KP: OK. So Mudbound came from the farm.

HJ: Well that was the name of their farm. Sorry, I forgot to mention that. Mudbound was the name of the farm and my grandmother coined that name in sarcastic way because you know the river would flood and they would be cut off and the name of the outhouse was Windswept and, you know, they had just a real time of it there and I think they all really bonded together during that time and that's part of what made the story so thrilling for me to hear as a little girl. I mean, I never saw the farm but it was very alive in my mind.

KP: So a lot of the story is part of your life—your family life.

HJ: Well, nobody was murdered in my family. My grandmother did not have a love affair with her brother-in-law. But the actual circumstances of the farm are true. The characters, the more I wrote, quickly became fictional people and were a much more rebellious and strong-willed woman than my grandmother. So the characters are fictional with the exception of Henry who is actually a lot like my grandfather was.

KP: As a writer, is it more difficult—each chapter is told by one of the characters, you weaved them in and out—is that more difficult in writing—I'm not a writer so I respect you for that—is that a more difficult thing to do.

HJ: Oh my yes. I think it's part of why it took me seven years to write the book, was getting each one of those voices distinct, believable, compelling. It was a big challenge.

KP: Well it's compelling.
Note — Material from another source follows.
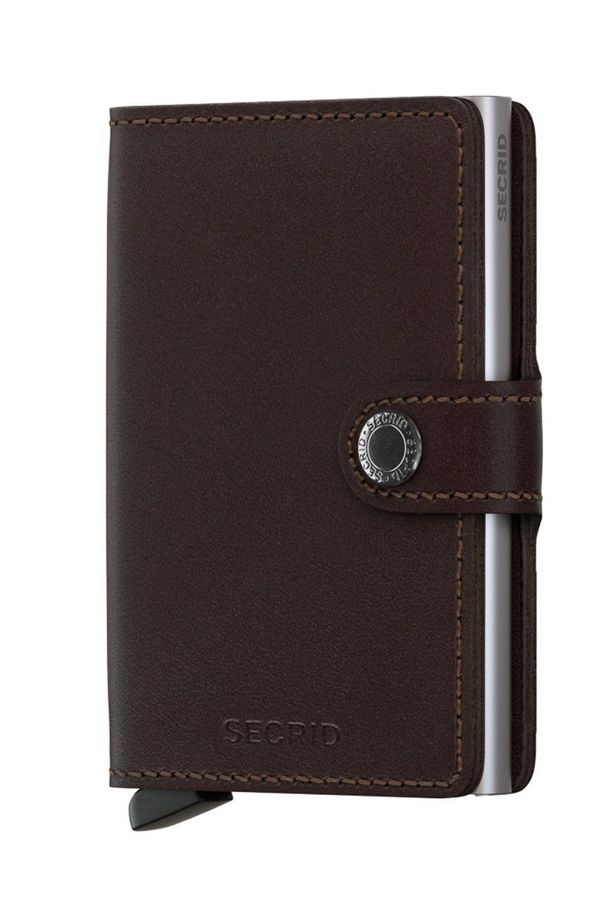 Secrid Secrid - Kožni novčanik M.Dark.brown-Dark.brown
It captures you from page one. I can certainly say that.

HJ: Thank you, I love to hear that.

KP: It's got that mystery to it and I shared with you we read it on our vacation this year and shared it back and forth with our family, and it's really compelling. This morning you stood before more than 2,800 freshman at Appalachian. What was that like, talking about your book, and giving them advice about the future.

HJ: It was really one of the most thrilling experiences I have ever had as an author, I have to say. And I worked very hard on the speech because I felt a real sense of responsibility towards these young people who are just starting out. I just wanted to convey that, you know, it is a winding path and you don't know the future, we are all works in progress and, I don't know, I felt like a rock star. It was pretty incredible.
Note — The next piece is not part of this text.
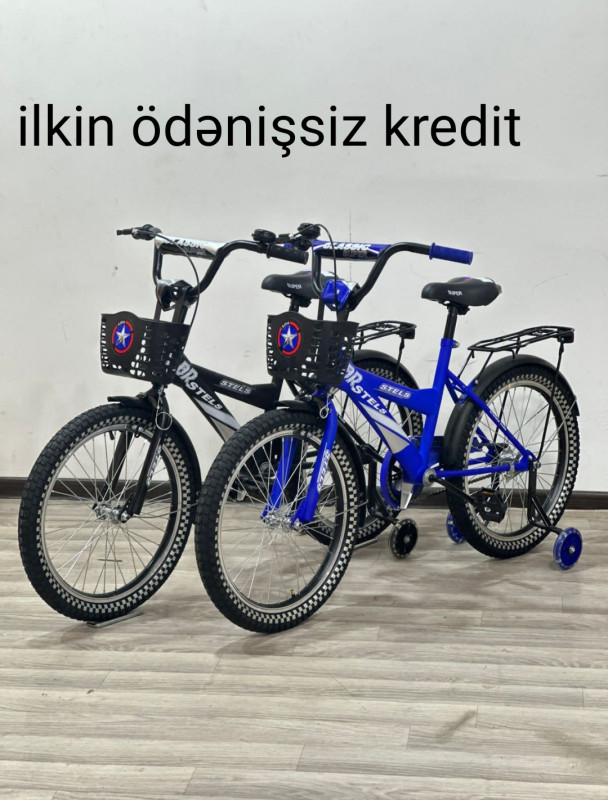 Velosiped uşaq üçün yeni ilkin ödənişsiz kredit vatsap ilə Online yazılır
KP: You are a rock star. You know, you have a lot of people that can write well, and you never know if they can speak well, but you have both gifts.
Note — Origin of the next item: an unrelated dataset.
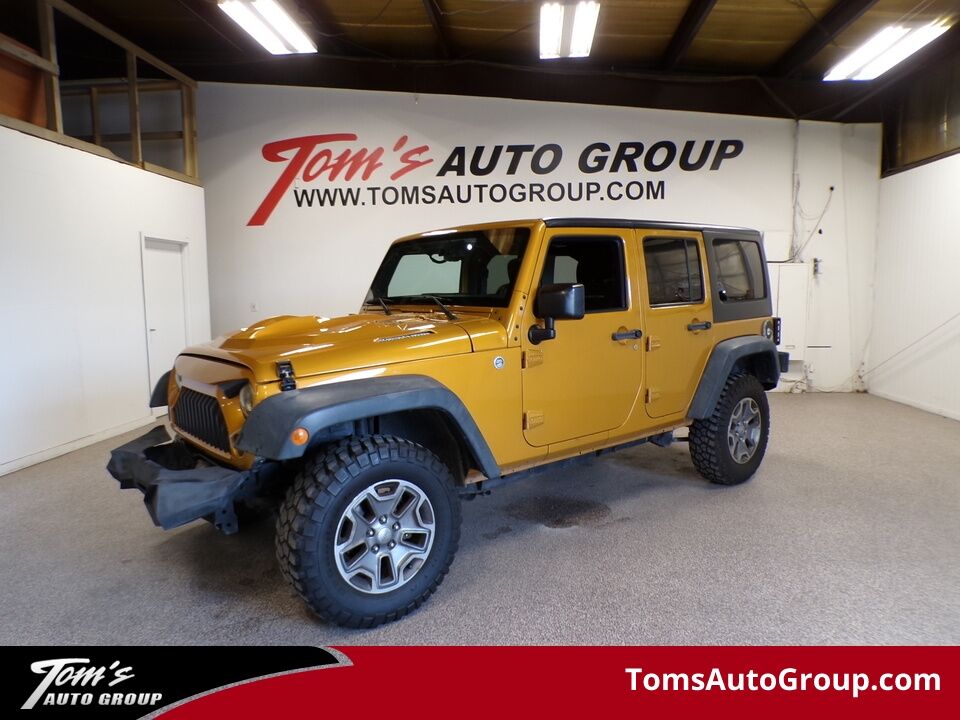 2014 Jeep Wrangler  - Tom's Auto Sales North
HJ: I didn't know if I was going to speak well either, so I'm glad that I did.

Hillary Jordan speaking at convocation: Writing a novel is a lot like life, which sounds cliché but also happens to be true. Like life, it's always a work in progress—complicated, messy, fraught with insecurity and uncertainty. And, hopefully, filled with lots of hot love scenes. When you start, you don't know how it's going to end, and just when you think you do know, your story takes a hard left and goes somewhere else entirely. Sometimes you love it, and other times you just want to chuck the whole thing and start over. If someone didn't make you finish it, you never would. You'd just keep working on it forever, trying to make it better and hotter and more interesting. Like life, you never stop wanting more from it, or being surprised by where it takes you. I wish that for all of you here, to be as surprised by where your lives take you as I have been, because as I was saying, I didn't see this coming. When I was sitting where you're sitting in September of 1980, I wanted to be a lawyer. I'd been telling people I was going to be a lawyer since I was eight years old, and, by God, that's what I was going to be. And not just any lawyer but the greatest lawyer who ever lived and maybe even the first female Supreme Court Justice. And I was convinced of this right up until the very end of my senior year of college. And then, about a month before graduation, I realized that wasn't what I wanted anymore. Like any hard-core aspiring lawyer, I'd majored in political science, but I'd also majored in English, because I loved novels and it gave me an excuse to read them. And I'd taken a lot of other courses in totally impractical subjects like poetry writing and ethics and astronomy and 19th Century French literature. And others I was forced to take, like calculus and gym, and somehow, in the process of studying all that stuff that I thought was totally irrelevant to my future career as the greatest lawyer who ever lived, things had shifted inside of me, and I knew that what I wanted to be was a writer. I'd written all my life—stories, plays, my share of bad poetry—but sporadically. I'd never really given it my all. But now, I decided, I would. I wasn't sure what I'd write. I only knew that I was good at it and that it lit a fire in my belly like nothing else ever had, and I was determined to find some way to make money doing it.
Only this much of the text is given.